EXERCISE DIRECTIONS: Without pictures, return the lines from the one containing "Best available price" through the last line of the data below, exactly.

DATA SHOWN:
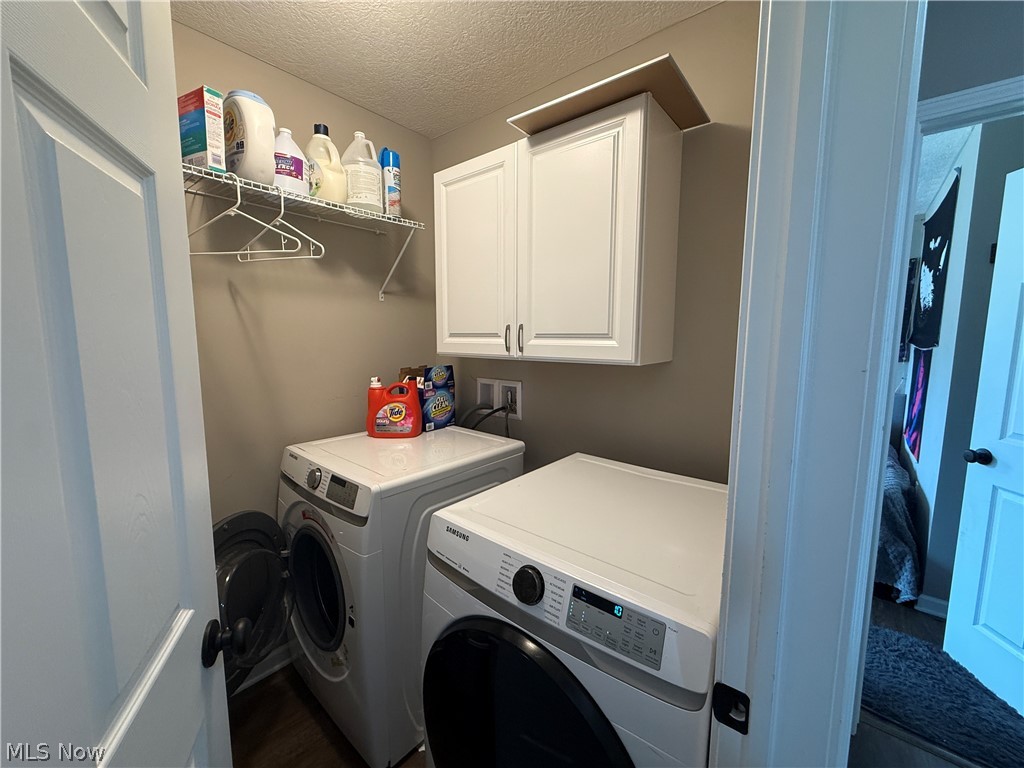362 Reserve Avenue Oberlin OH 44074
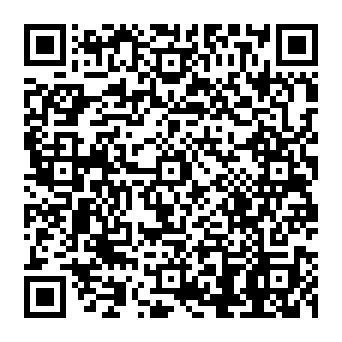QR 5e5062c
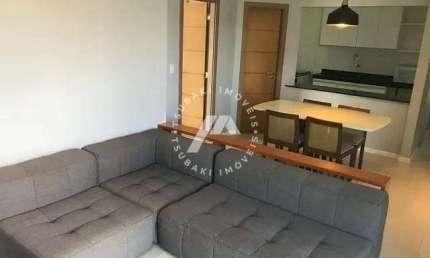 Apartamento com 1 quarto à venda na Rua João Balbi, 1291, Nazaré, Belém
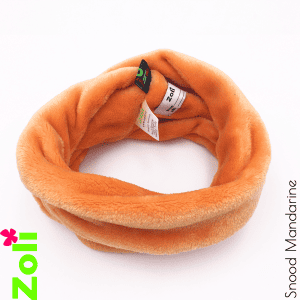 Mandarine
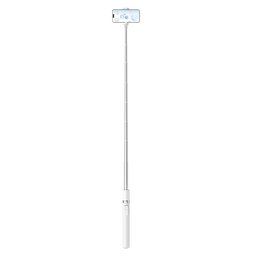 phone selfie stick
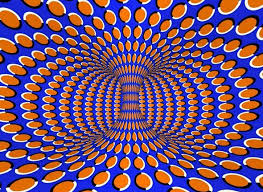 Image result for illusion pictures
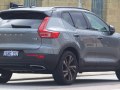 zdjęcie XC40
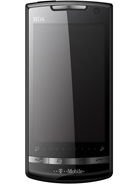 Best available price of T-Mobile MDA Compact V in Bulgaria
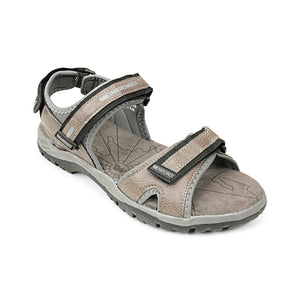 WEINBRENNER HICKROY WEINBRENNER MENS SANDAL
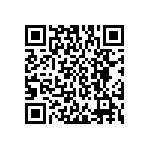 ASV-24-576MHZ-E-T QRCode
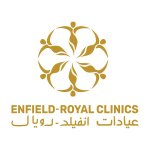 أفضل حقن تعزيز البشرة في مسقط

EXERCISE RESULT:
 Best available price of T-Mobile MDA Compact V in Bulgaria
 WEINBRENNER HICKROY WEINBRENNER MENS SANDAL
 ASV-24-576MHZ-E-T QRCode
 أفضل حقن تعزيز البشرة في مسقط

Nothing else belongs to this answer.